Americanah Audiobook Free

Americanah Audiobook Free is an amazing novel. It’s the story of Ifemelu, a young Nigerian woman who leaves her country to go to America. Eventually, she becomes disillusioned with that country and moves back home. Then, she finds herself in London for graduate school, not long before the 9/11 terrorist attacks. She falls in love with a man named Obinze, but their relationship is tested when he returns to Nigeria to see his dying father.

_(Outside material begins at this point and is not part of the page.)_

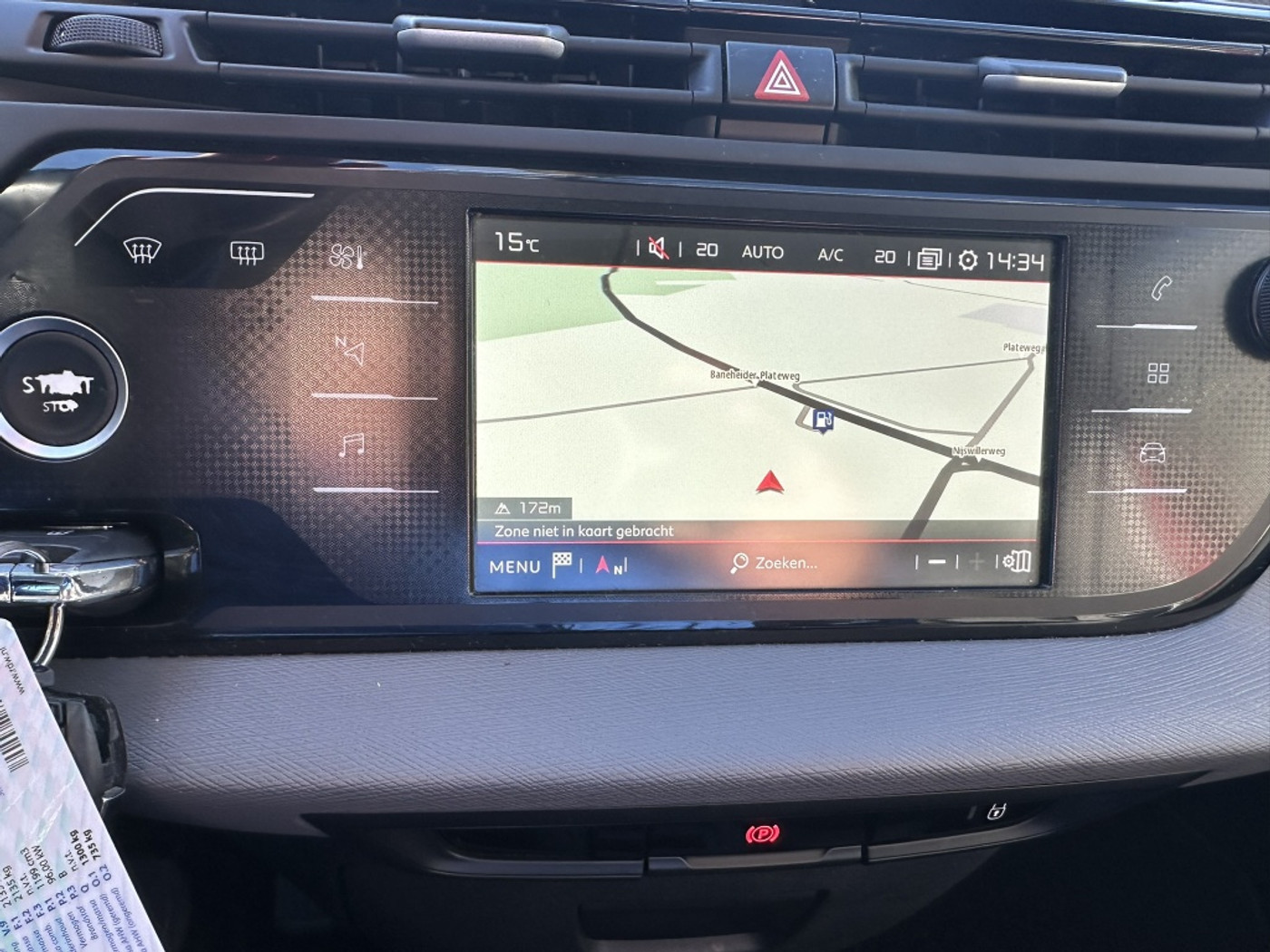 Foto van Citroen C4 Spacetourer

Have you heard of Chimamanda Ngozi Adichie? She’s an amazing writer who has written two novels. The first was Purple Hibiscus published in 2003 which won the Commonwealth Writers’ Prize for Best First Book. Her second novel, Half of a Yellow Sun, was published in 2006 and was awarded the Orange Broadband Prize for Fiction. Americanah is her third novel, co-written with Taiye Selasi.

Americanah is a powerful novel that explores racial identity, immigration, and the African diaspora through a uniquely feminist lens. The author alternately employs a third-person omniscient point of view and first-person narration to trace the narrator’s journey from Nigeria to America and back again.

Table of Contents

Americanah Audiobook Free Download Details

Below are the details for Americanah Audiobook Download Full:

  • AudioBook Title: Americanah AudioBook
  • Author: Chimamanda Ngozi Adichie
  • Narrated by: Adjoa Andoh
  • Published: May 14, 2013
  • Goodreads Link: Americanah by Chimamanda Ngozi Adichie
  • Formats: MP3
  • Length: 17 hrs and 28 mins
  • Size: 200 MB
  • Genre: Fiction, Novels, Cultural, Africa, Contemporary, Feminism, Literary Fiction, Western Africa, Nigeria, Romance
  • Language: English
  • File Status: Available
  • Price: $0

Americanah by Chimamanda Ngozi Adichie Summary

NATIONAL BESTSELLER • From the award-winning author of We Should All Be Feminists and Half of a Yellow Sun—the story of two Nigerians making their way in the U.S. and the UK, raising universal questions of race, belonging, the overseas experience for the African diaspora, and the search for identity and a home.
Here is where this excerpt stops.